Enhancing robustness and generalization in microbiological few-shot detection through synthetic data generation and contrastive learning.
Journal:
Computers in biology and medicine
PMID:
40253923
Abstract
In many medical and pharmaceutical processes, continuous hygiene monitoring is crucial, often involving the manual detection of microorganisms in agar dishes by qualified personnel. Although deep learning methods hold promise for automating this task, they frequently encounter a shortage of sufficient training data, a prevalent challenge in colony detection. To overcome this limitation, we propose a novel pipeline that combines generative data augmentation with few-shot detection.
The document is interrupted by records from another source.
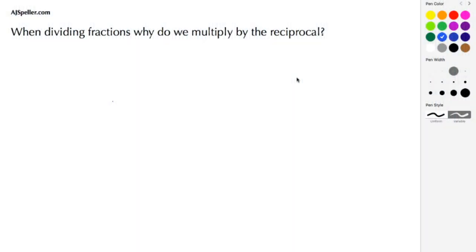Welcome back to ajspeller.com. In today's tutorial we're going to answer the question: when dividing fractions, why do we multiply by the reciprocal? To answer this question, we're going to lean on what we know about equivalent fractions.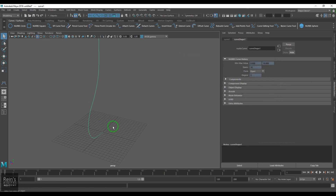The Revolve tool is very useful — there are many models you can build with it: a pot, a tumbler, a jug, a bulb, a lantern, or anything created on a lathe machine or pottery wheel. You can create all of these with the Revolve tool.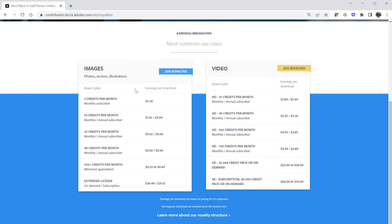The price paid is going to vary based on how many assets the customer has committed to purchase. There are quite a few different options available for Adobe Stock customers to choose from. For example, if they purchase a monthly subscription plan that provides three images for $29.99, that's roughly $10 per download, and the royalty rate of 33% results in a payment of $3.30.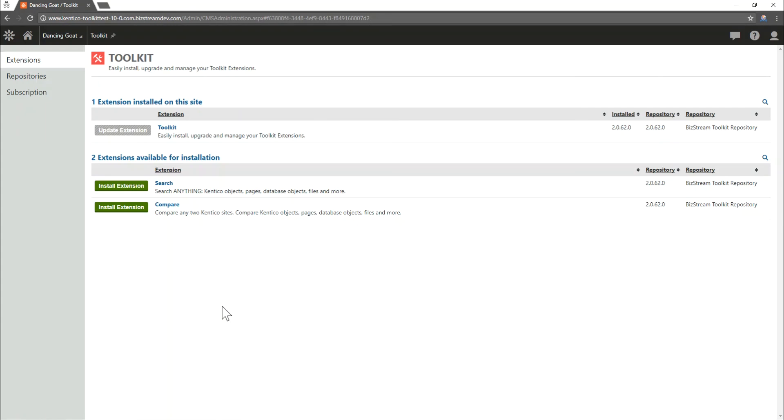Upon launch of the toolkit application it confirms that you've gotten the toolkit installed and you're ready to use it. If you have any questions about installing please visit the support section of toolkit4kentico.com or feel free to contact us at support@bizstream.com. Thanks.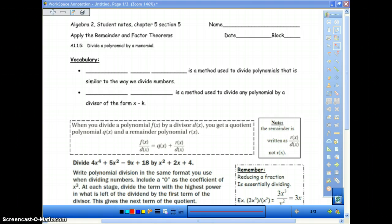Basically what we're doing is in the last section we did multiplication of polynomials and factoring of polynomials. Now what we're going to do is actually divide polynomials. I don't know if this is something that you've done before in Algebra 1 or not, but we're going to take this pretty slow. There's only a couple of examples, but they do take a little bit of time to get through. Don't be afraid to pause and rewind if there's something you don't understand as you're following along.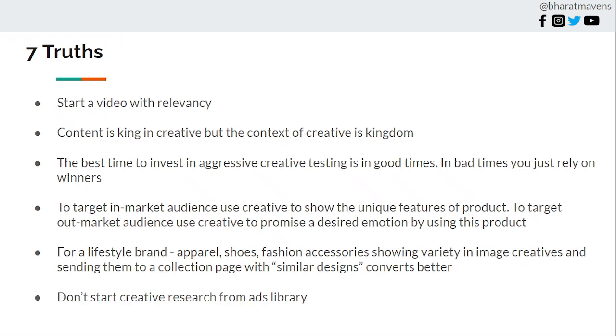Don't start your creative research, this is the last and the most important among all. Don't start your creative research from ads library. That's the worst way to start a research. If you are looking at the competitors of what they are doing and trying to copy them or even get inspiration from them, you are already behind. Also, you are blindsided by what the performance is. Okay, it might be running, the ad might be running for 40-45 days. But is it running because it is performing well or is it running because somebody is managing really poorly the ads in that competitor brand? It might be that case also, no?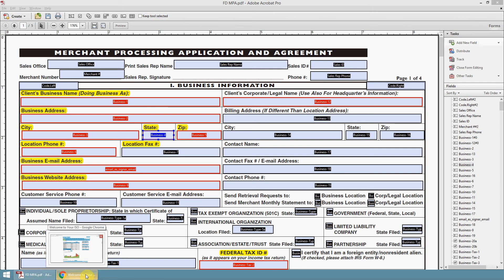This video is one in a series that details the PDF mapping process, which allows information on a lead in IRIS to be populated into applications and other PDF documents for quick sending and electronic signature. The topic for this video is Part 4: How to Map a Lead Dropdown to a PDF Text Field.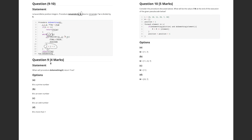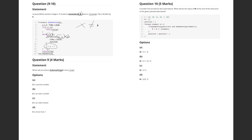Question 9 asks: when will procedure 'do_something' return true? We know that flag starts as true and returns false if x equals 1, or if x is divisible by any number. The remainder of two numbers is zero only when one is completely divisible by the other.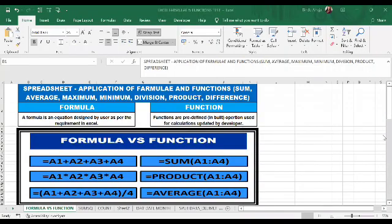Hello friends, today in this video we will understand the basic difference between functions and formulas. We will also learn how to use both functions and formulas to calculate average, difference, product, maximum, or minimum numbers of a series in Excel. A formula is an equation designed by the user as per the requirement in Excel, and the definition of a function is: functions are predefined, inbuilt, or ready-made operations used for calculations, updated by the developer.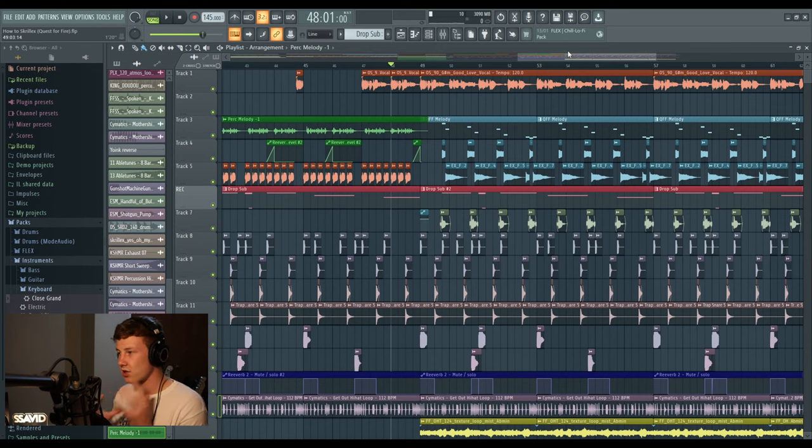So there we have it guys, that is essentially all the tools you need to make an absolute heater like Skrillex from his album Quest for Fire. Such a dope album and just really solidifies Skrillex as just the top of the game. I mean he's always been at the top of the game and it just shows he's always gonna be at the top of the game. I hope you enjoyed the tutorial and learned one or two things you can put towards making your own track in the style of Skrillex. Thanks so much for watching and I will see you in the next video. Take care.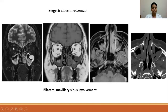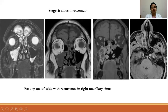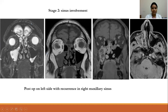Another patient showed polypodal mucosal thickening involving bilateral maxillary sinuses, with peripheral enhancement and a central non-enhancing area on post-contrast. Corresponding CT images showed bony erosions of the maxillary sinus walls involving the posterior wall, medial wall, and nasal bones. A post-op patient with recurrence on the right side showed polypodal mucosal thickening in the right maxillary sinus, with disease extending into bilateral ethmoid sinuses, and peripheral enhancement with a central non-enhancing area on post-contrast.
Our approach aims to significantly enhance detection performance, even with (very) limited training data. A main component of our method is a diffusion-based generator model that inpaints synthetic bacterial colonies onto real agar plate backgrounds. This data augmentation technique enhances the diversity of training data, allowing for effective model training with only 25 real images. Our method outperforms common training-techniques, demonstrating a +0.45 mAP improvement compared to training from scratch, and a +0.15 mAP advantage over the current SOTA in synthetic data augmentation. Additionally, we integrate a decoupled feature classification strategy, where class-agnostic detection is followed by lightweight classification via a feed-forward network, making it possible to detect and classify colonies with minimal examples. This approach achieves an AP score of 0.7 in a few-shot scenario on the AGAR dataset. Our method also demonstrates robustness to various image corruptions, such as noise and blur, proving its applicability in real-world scenarios. By reducing the need for large labeled datasets, our pipeline offers a scalable, efficient solution for colony detection in hygiene monitoring and biomedical research, with potential for broader applications in fields where rapid detection of new colony types is required.